Data listing =
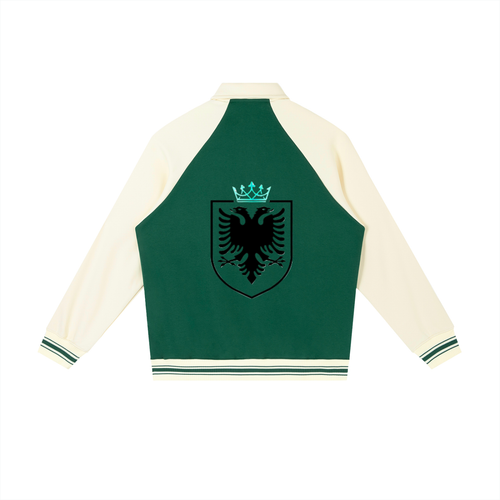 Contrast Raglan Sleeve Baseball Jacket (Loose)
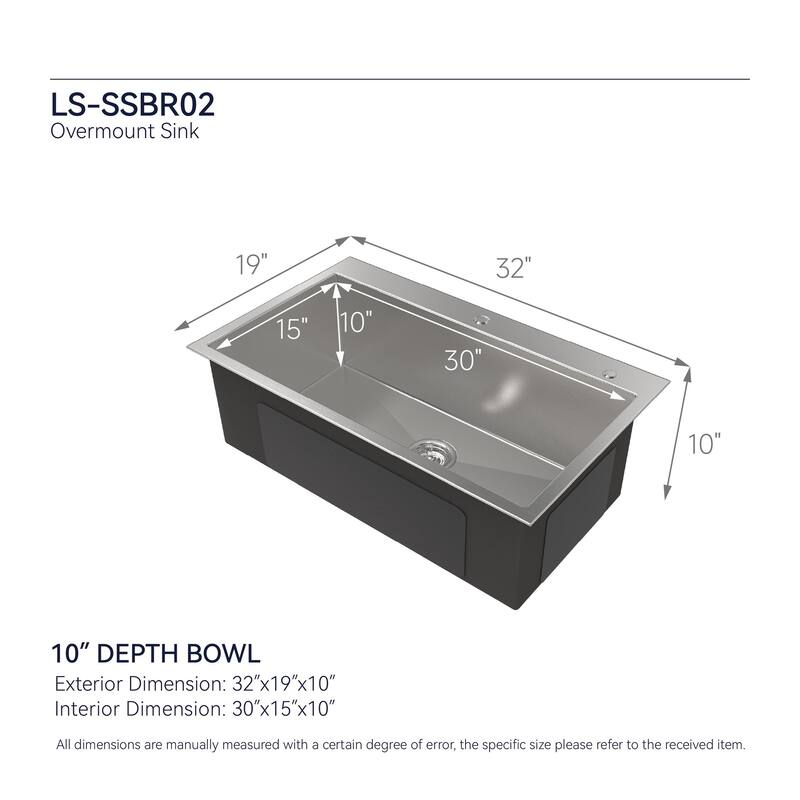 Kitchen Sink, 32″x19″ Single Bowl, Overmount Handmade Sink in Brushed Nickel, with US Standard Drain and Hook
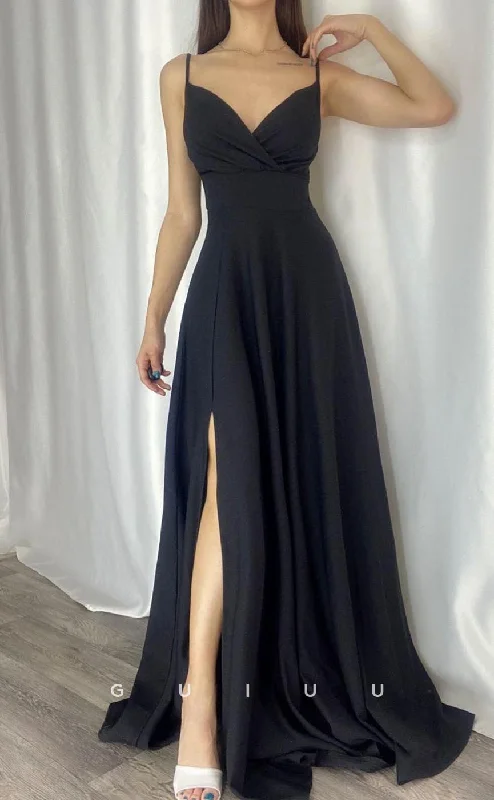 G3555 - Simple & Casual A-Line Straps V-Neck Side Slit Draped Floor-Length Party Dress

---

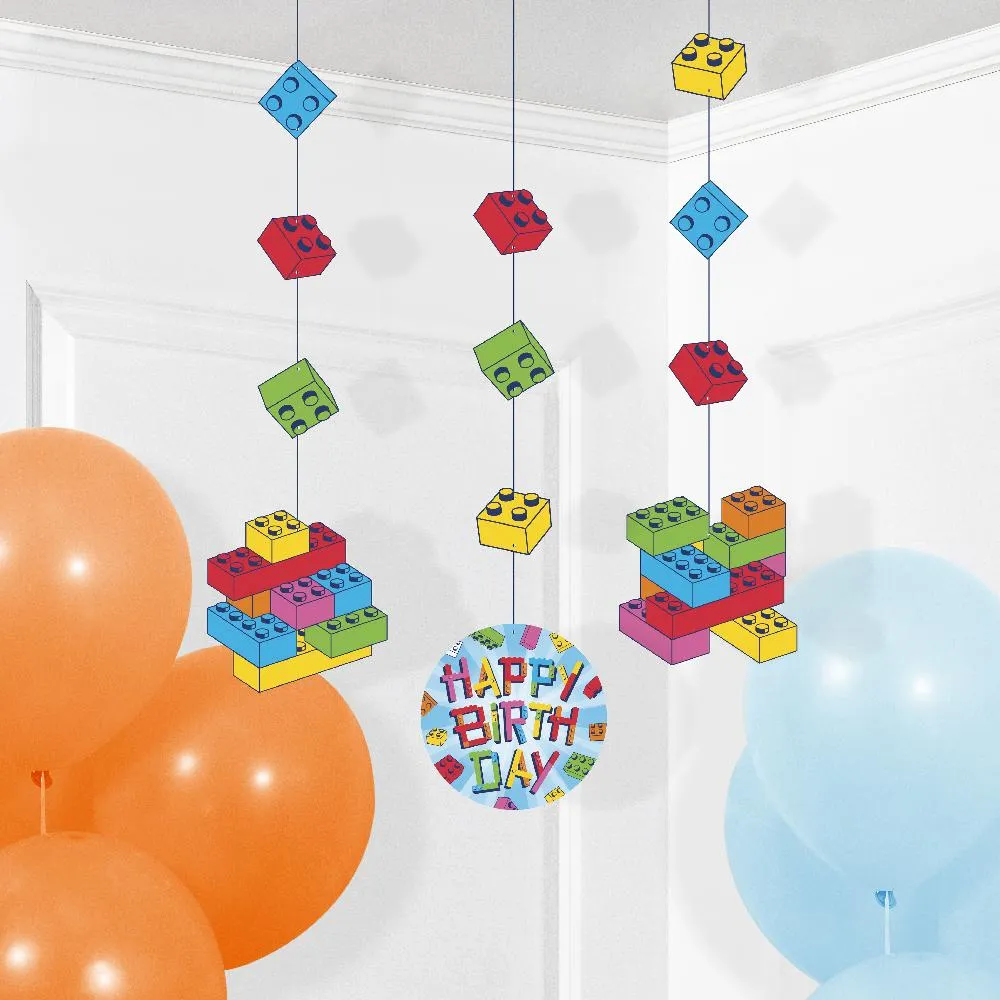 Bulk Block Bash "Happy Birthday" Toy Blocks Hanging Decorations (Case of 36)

Your objective =
Reproduce exactly the lines of the data above that run from the line with "Contrast Raglan Sleeve" down to the line with "G3555 - Simple", both ends included. Pictures do not belong in the copy.

Answer section =
 Contrast Raglan Sleeve Baseball Jacket (Loose)
 Kitchen Sink, 32″x19″ Single Bowl, Overmount Handmade Sink in Brushed Nickel, with US Standard Drain and Hook
 G3555 - Simple & Casual A-Line Straps V-Neck Side Slit Draped Floor-Length Party Dress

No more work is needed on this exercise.